Barnaby Joyce and Malcolm Turnbull hail the strength of the coalition as the former deputy PM claims victory in the New England by-election.
Barnaby Joyce has claimed victory in the New England by-election, delivering a speech in which he thanked voters for their support at the ballot box.
Speaking in Tamworth alongside Prime Minister Malcolm Turnbull, Mr Joyce said: "I say to the people of New England: I never take anything for granted.
"For every person who voted for us ... I just want to say how completely and utterly humbled I am.
"Thank you very much. I hold you as close to my heart as I possibly could."
Mr Turnbull added: "This has been a stunning victory ... and a great demonstration of the strength of the coalition."
With more than a quarter of votes counted across New England, Mr Joyce has secured more than 63 per cent of the first preference vote.
Mr Turnbull earlier met with his former deputy at a polling booth just prior to the close of voting.
"There have been some personalities and there have been some tensions, there is no doubt about that," Mr Turnbull told reporters when questioned about calls from within the Nationals for his resignation.
"The people of New England, returning Barnaby today, are making a great contribution to the government."
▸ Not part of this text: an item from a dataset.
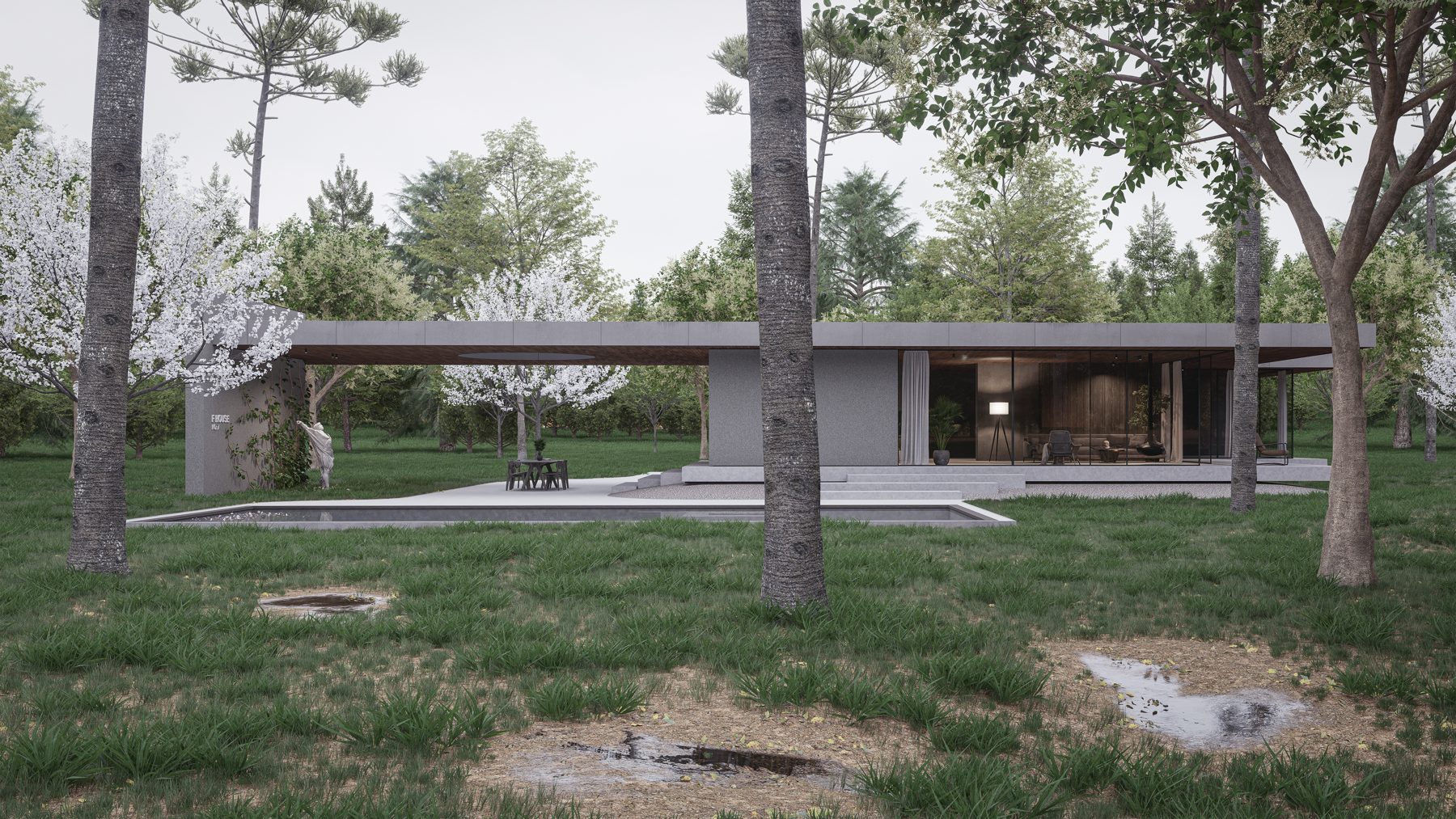 F House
The pair played down talk of splintering within the coalition, with Mr Turnbull saying his friendship and working relationship with Mr Joyce was the most important in the government.
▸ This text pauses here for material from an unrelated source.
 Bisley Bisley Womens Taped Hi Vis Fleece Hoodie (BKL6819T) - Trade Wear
"The relationship between our parties is strong and Barnaby is a strong leader," he said.
He said the sooner Mr Joyce is back in Canberra at the helm of the National party and the deputy prime ministership, the better.
Minutes after the meeting, Mr Joyce told reporters he had been contacted by one of the rumoured agitators - Queensland MP George Christensen.
He said Mr Christensen had affirmed his allegiance to the party with the return of Mr Joyce and following the announcement of the banking royal commission.
Mr Joyce has apologised to the electorate for putting them through the snap by-election because of his New Zealand citizenship, which ruled him ineligible for parliament.